*Exercise requirements*: Write the listing out once more, identical to the original but without pictures.

*Data extract*:
+--
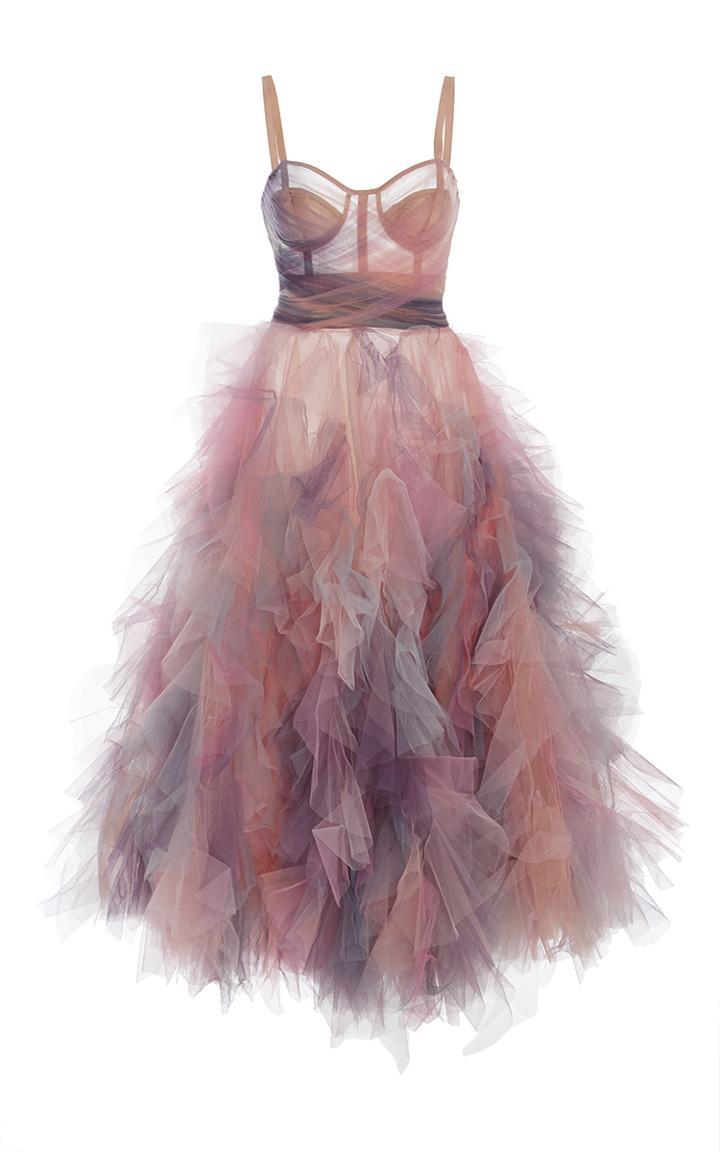 Marchesa Ruffled Cocktail Dress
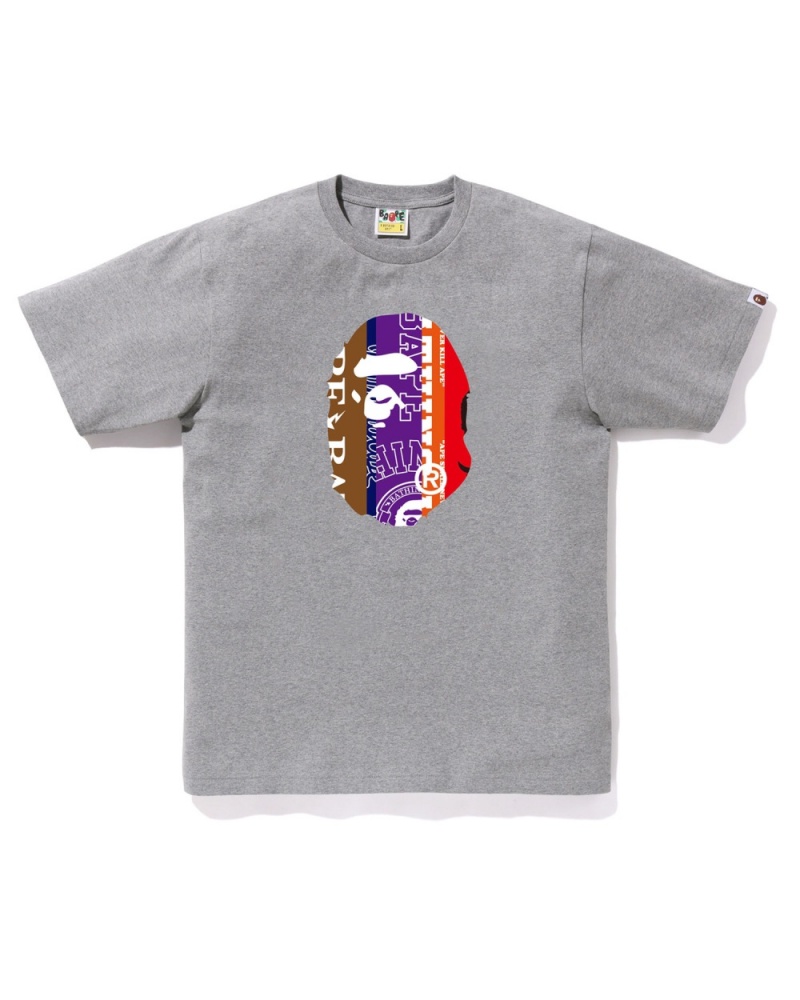 T Shirts Bape Fans Scarf Ape Head Grise Homme | WDS-48935743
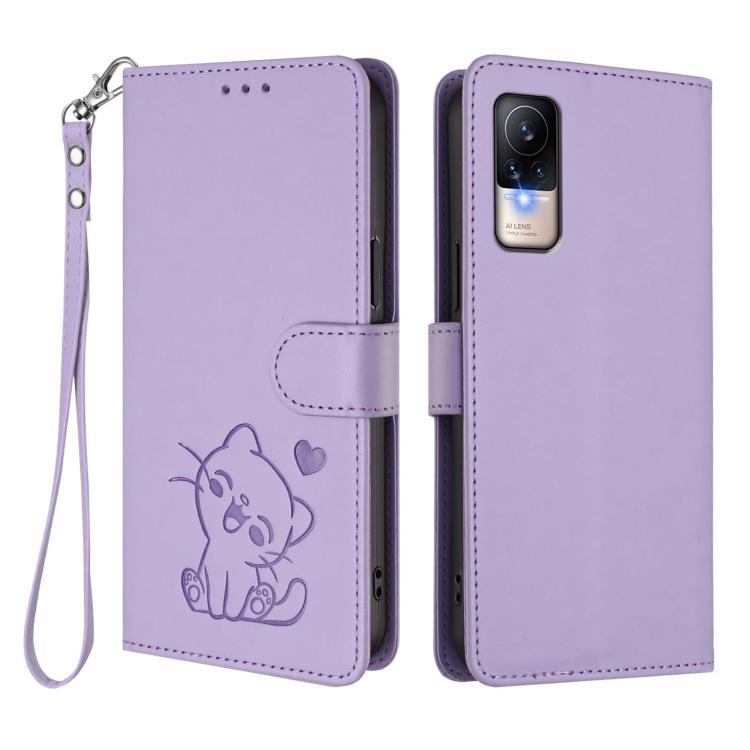 For Xiaomi Civi 1S Embossed Heart Cat Leather Phone Case with Hand Strap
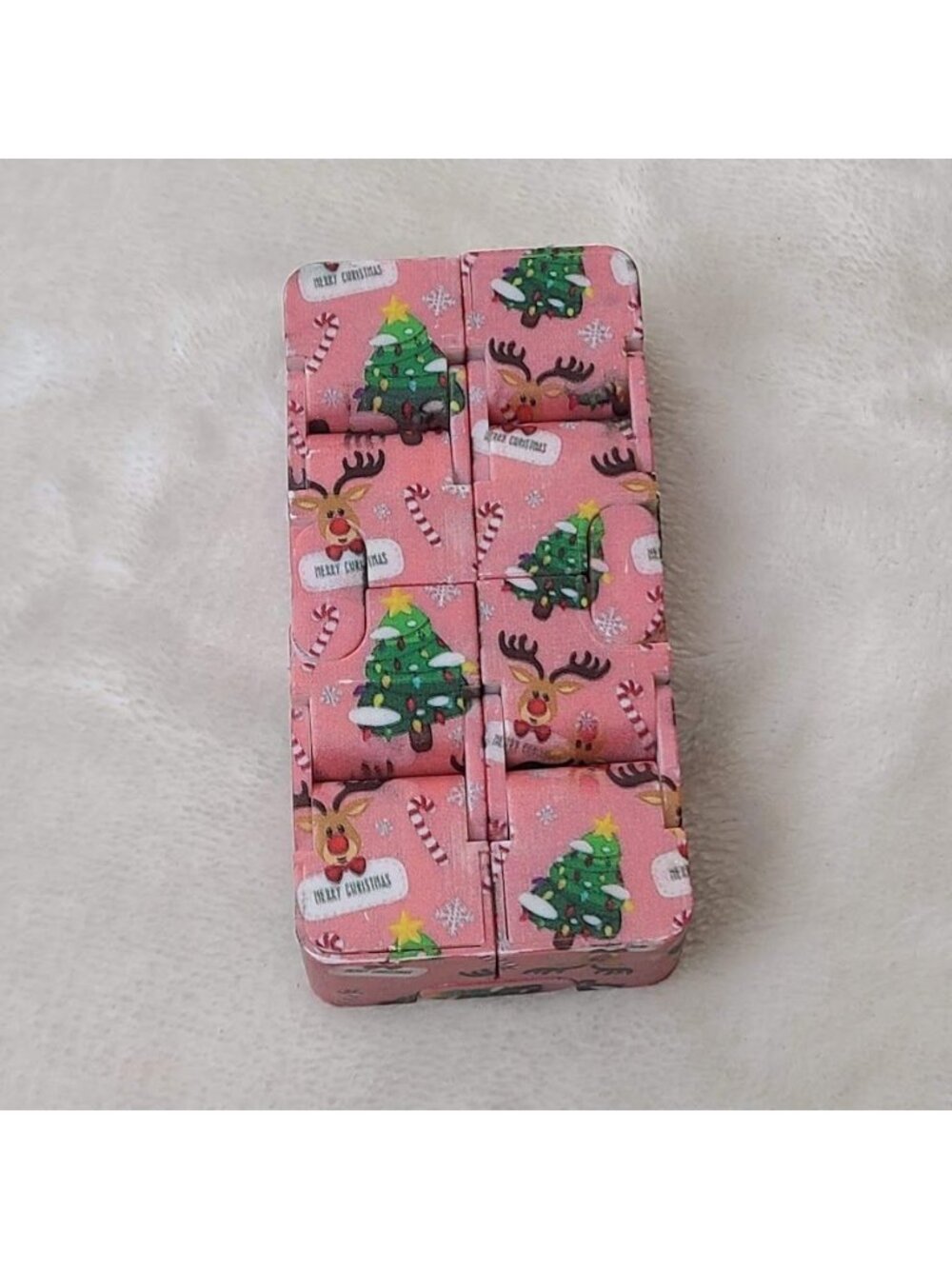 Christmas Infinity Cube Fidget Toy Holiday Sensory Magic Folding Cube Pink - Picture 2 of 6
+--
*Expected answer*:
 Marchesa Ruffled Cocktail Dress
 T Shirts Bape Fans Scarf Ape Head Grise Homme | WDS-48935743
 For Xiaomi Civi 1S Embossed Heart Cat Leather Phone Case with Hand Strap
 Christmas Infinity Cube Fidget Toy Holiday Sensory Magic Folding Cube Pink - Picture 2 of 6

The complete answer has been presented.